図2】本発明の第1実施形態に係る建設機械キャビン用の非常脱出装置の説明図であり、(a)は本装置の分解斜視図、(b)は(a)のb-b線断面図である。
図3】第1実施形態に係る建設機械キャビン用の非常脱出装置の説明図であり、(a)は本装置の側断面図、(b)は(a)の矢印bから見た図、(c)は(a)の矢印cから見た図、(d)は(a)のd-d線断面図である。
図4】第1実施形態に係る建設機械キャビン用の非常脱出装置の説明図であり、(e)は図3(a)のe-e線断面図、(f)は図3(a)の矢印fから見た図である。
図5】第1実施形態に係る建設機械キャビン用の非常脱出装置を作動させる第1手順を表す図であり、(a)はストッパーを取り外した本装置の側断面図、(b)は(a)のb-b線断面図である。なお、(a)は(b)のa-a線断面図に相当する。

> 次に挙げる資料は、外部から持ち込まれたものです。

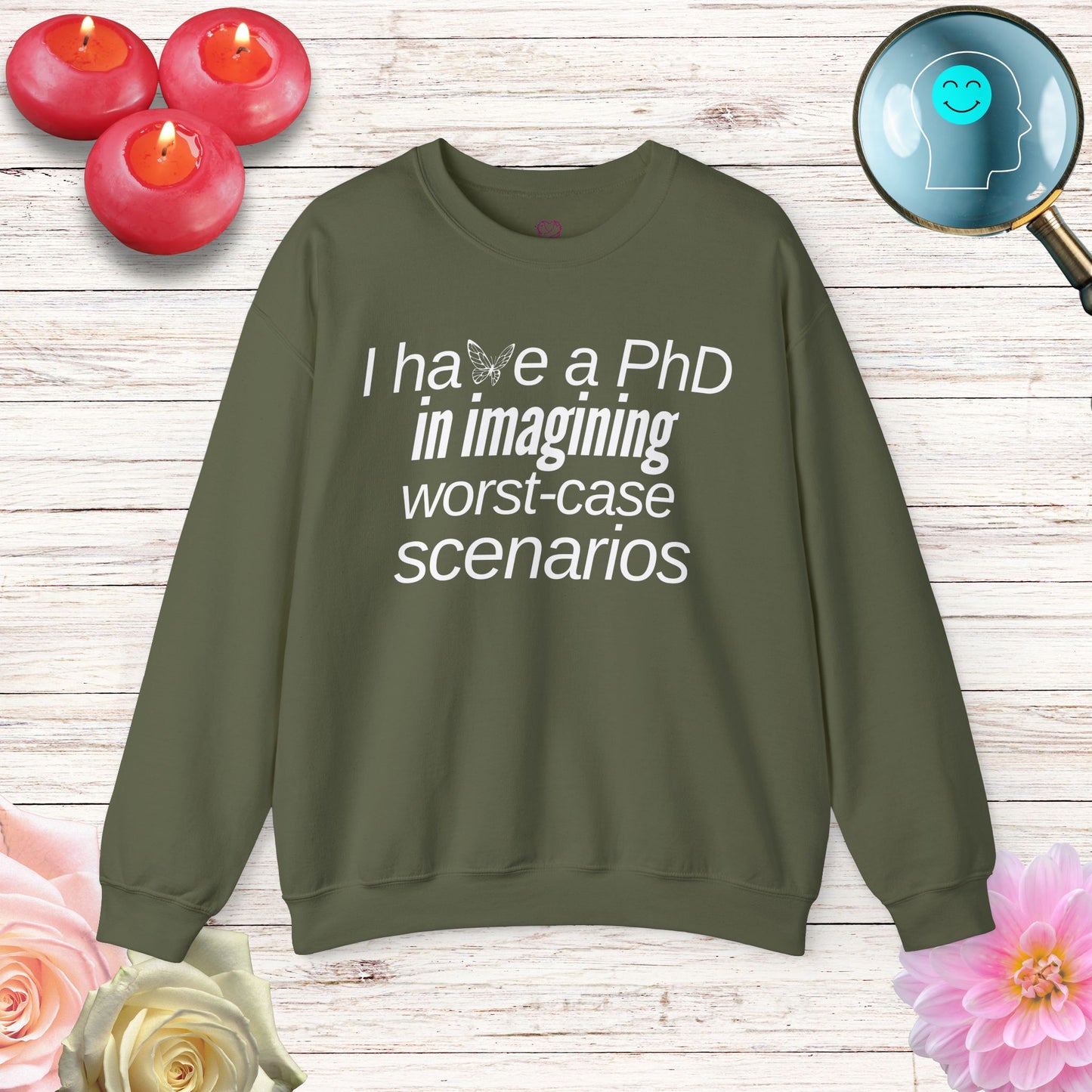 PHD - Unisex Sweatshirt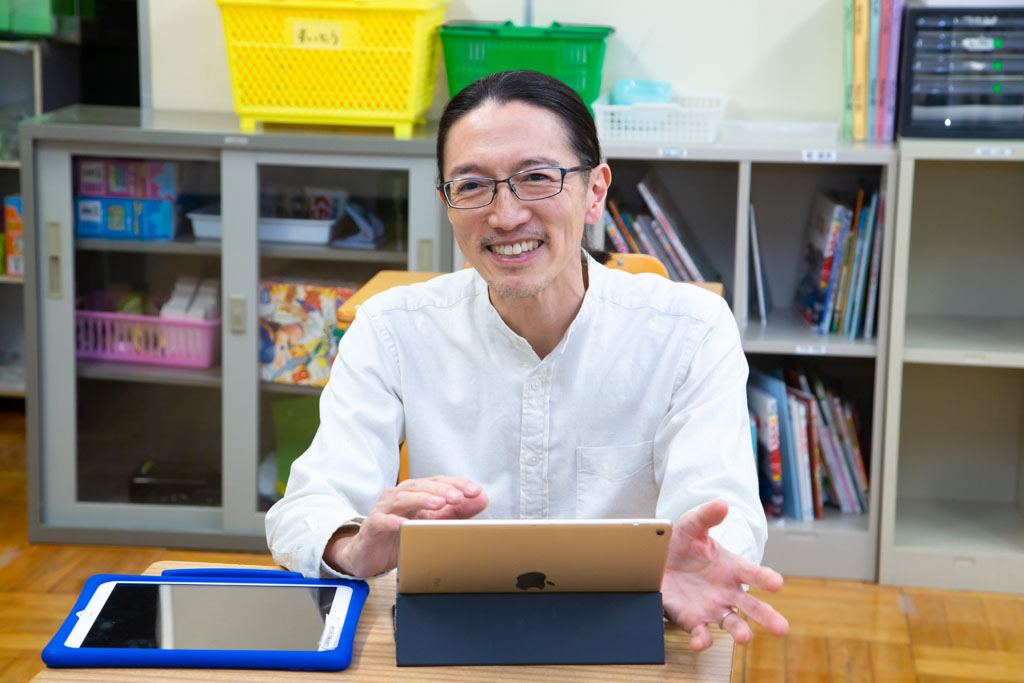 ICTを導入し、言葉ではない表現がもっとできるようになった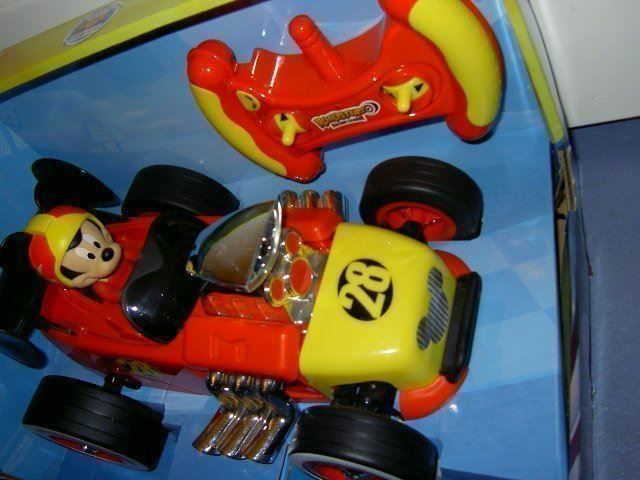 Disney Giocattoli: Auto Micky disney – Nuovo e nell'imballaggio originale da Bettlach venduto da Tradenet100 1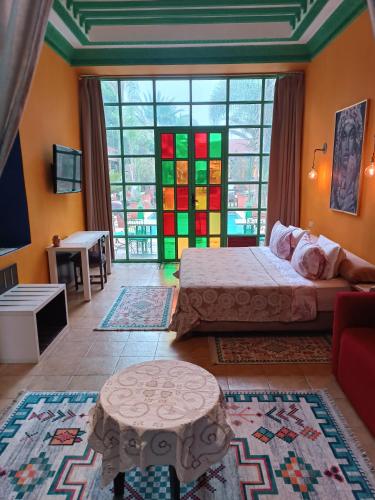 Dar Riad Niama in טרודנט Dar Riad Niama in טרודנט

図6】第1実施形態に係る建設機械キャビン用の非常脱出装置を作動させる第2手順を表す図であり、(a)は押込シャフトを押し込んだ本装置の側断面図、(b)は(a)のb-b線断面図である。なお、(a)は(b)のa-a線断面図に相当する。
図7】本発明の第2実施形態に係る建設機械キャビン用の非常脱出装置の説明図であり、(a)は本装置の分解斜視図、(b)は(a)のb-b線断面図である。
図8】第2実施形態に係る建設機械キャビン用の非常脱出装置の説明図であり、(a)は本装置の側断面図、(b)は(a)の矢印bから見た図、(c)は(a)の矢印cから見た図、(d)は(a)のd-d線断面図である。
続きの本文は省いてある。